ただし、現地ユーザーは「いつもの方法で支払いたい」と考えるため、主要な決済方法に非対応だと購入直前の離脱リスクが高まります。
配送情報の分かりづらさも、購入直前の離脱要因になりがちです。配送対象国なのか、送料はいくらか。これらが不明確だと、ユーザーは不安を感じて購入をためらいます。現地ユーザーの常識に合わせた決済手段と明確な配送条件の提示が、コンバージョン率を左右するでしょう。
⑥ フォーム設計:記入欄や連絡手段が日本仕様のまま
さらに意外と見落とされるのがフォーム部分のローカライズです。
「全角しか使えない」「文字数制限が厳しい」など、日本仕様のままでは海外ユーザーが入力できません。
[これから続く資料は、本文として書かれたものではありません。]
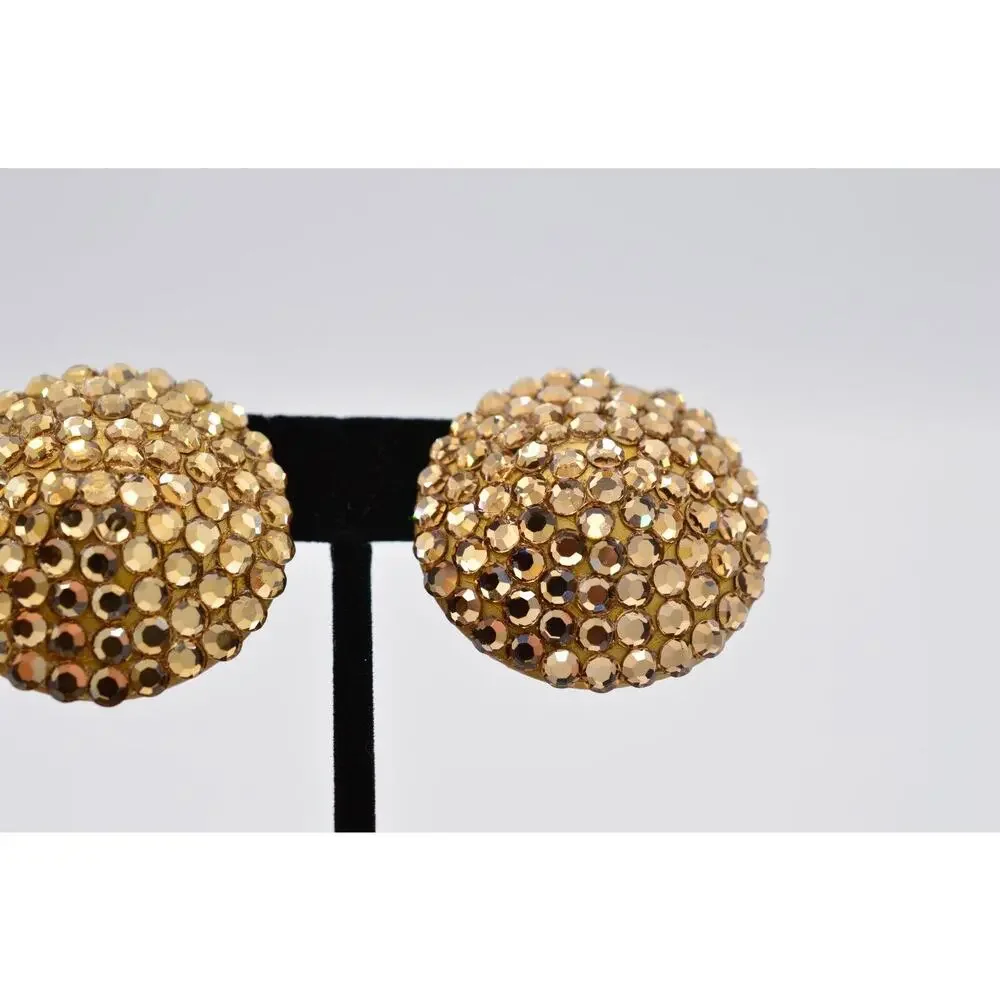 Vintage Crystal Clip Earrings Sparkling Brown Rhinestone Round Chunky 1980s 9L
せっかくフォームまで来たユーザーを逃さないよう、現地の名前や住所フォーマットに適合させる必要があります。
海外のユーザーは少し不便を感じただけでも、その時点で離脱してしまうことがあるため、各入力欄は必要な情報を無理なく記入できる形にしておきましょう。
また、特に注意したいのが、予約フォームや問い合わせフォームにおける連絡手段の設計です。飲食店や体験型サービスの公式サイトでは、連絡方法が「LINEのみ」など、日本国内向けの仕様のままになっているケースも少なくありません。

総務省の調査によると、日本国内におけるLINEの利用率は全年代で91.1%と圧倒的です。

参考:令和6年度情報通信メディアの利用時間と情報行動に関する調査 報告書 令和7年6月 総務省
一方、世界全体ではLINEの利用率は低く、主要なメッセージングアプリとは言えません。

参考:Digital 2025: Global Overview Report — DataReportal
そのため、海外ユーザー向けのフォームでは、メールアドレスや現地で人気の連絡手段を用意しましょう。
そうすることで、ユーザーにとっての心理的ハードルが下がるだけでなく、トラブルや不安が生じた際にも、より柔軟に対応が可能になります。
フォームは、コンバージョンの最終地点です。せっかくフォームまで来てくれているのに、ゴール一歩手前での離脱は防ぎたいところですね。
ローカライズは「信頼づくり」そのもの
ローカライズの本質は、単なる翻訳ではなく、現地ユーザーに信頼されるユーザー体験をつくることです。
文化や価値観を踏まえた表現設計を起点に、ページ構成、導線、決済・配送を現地基準に合わせ、継続的に検証・改善する姿勢が欠かせません。何がUSPになるか、どこが「見やすい」「買いやすい」と感じられるかは国ごとに異なります。
アクセス解析やヒートマップを活用し、実際の行動データをもとに調整していきましょう。
上記で挙げた事例はあくまでも一握りのポイントですが、これらができているかどうかで、ユーザーの反応は大きく変わります。
越境ECでは、言語の正しい使い方と同じくらい文化や習慣の違いが成果を左右するため、日本で当たり前とされている前提を一度疑い、海外ユーザーの視点で自社サイトを見直すことこそが、越境EC成功への第一歩と言えるでしょう。